La curación de la lepra de Naamán el Sirio sirve de contexto a la de los diez leprosos curados por Jesús. Se convenció a Naamán de que se lavara siete veces en el río Jordán y, curado, abrazó la fe en el Dios de Israel y, agradecido a Eliseo, decidió serle fiel para siempre, también en su propia tierra.

A los leprosos no estaba permitido acercarse, eran marginados por la comunidad, considerados impuros y culpables de grandes pecados. En el relato de Lucas su drama queda plasmado en esos dos verbos: “Vinieron a su encuentro” y “Se pararon a lo lejos”. Quieren conocer a Jesús, pero la ley de Moisés les prohíbe acercarse a él. Superan la distancia física gritándole: “Ten compasión de nosotros”, la petición que en la Biblia se dirige sobre todo a Dios. Lo dicen con una sola voz, un ejemplo de oración concorde, llamándole Maestro, declarándose sus discípulos. Jesús escucha su oración, y su primera respuesta es su mirada: trae a esta tierra la mirada benévola de Dios para la salvación del hombre: “El Señor mira desde el cielo, se fija en todos los hombres” (Sal 33, 13). Luego les dice que se presenten ante los sacerdotes, una orden que podría parecer ilógica: estaba prescrito que los sacerdotes verificaran la curación y dieran permiso para volver a entrar en la sociedad civil y religiosa, ¡pero ellos aún no estaban curados! Los leprosos van de todos modos: creen, como Naamán que se baña en el Jordán. Y su fe se ve recompensada: se curan por el camino. Pero sólo uno vuelve a Jesús, lleno de gratitud: alabando a Dios con gran voz se postra a sus pies para darle las gracias. Cree que es Dios quien actúa en Jesús. Lucas señala: es un samaritano. Esto también es chocante porque Jesús, en su grandeza de corazón, lo ha enviado a los sacerdotes a pesar de no pertenecer al pueblo de Israel.

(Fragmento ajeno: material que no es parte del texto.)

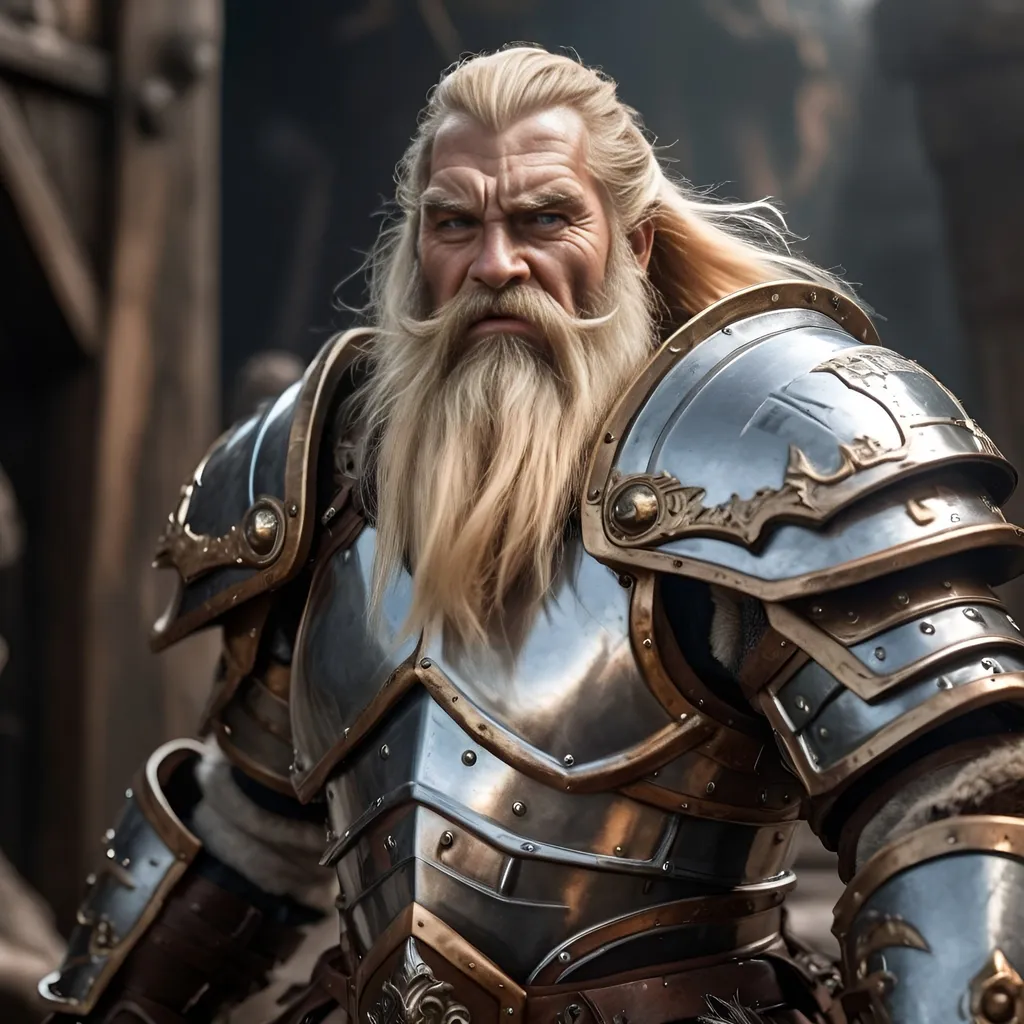Prompt: A strong dwarf with long blonde hair and beard, wearing chrome plate armor, wielding a one-handed warhammer, detailed facial features, metallic rendering, epic fantasy, strong and sturdy build, intense expression, dramatic lighting, high quality, metallic, fantasy, detailed facial features, strong build,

Una vez más en el Evangelio, como había ocurrido con el centurión, es un extranjero el que tiene una fe ejemplar. Una fe que le ha llevado a seguir el impulso de su corazón. Los otros nueve quedaron atrapados por las prisas por conseguir la aprobación de los sacerdotes para volver a entrar en su comunidad y en su familia. Han obedecido a la letra las instrucciones de Jesús. El samaritano, en cambio, ha obedecido lo que su fe sugería a su corazón y que ha conmovido el corazón de Jesús. Su fe inicial lo ha “purificado”, su fe plena lo ha “salvado”. Fue la fe la que le impulsó a volver a Jesús para mostrarle su amor, que lo ha ayudado a prescindir del consenso de los otros nueve que pensaban de otro modo y a anteponer la gratitud a Dios y su relación con Jesús al cumplimiento de la costumbre. Es la misma prioridad que Pablo le recuerda a Timoteo: “Acuérdate de Jesucristo”. Con él viviremos, con él reinaremos.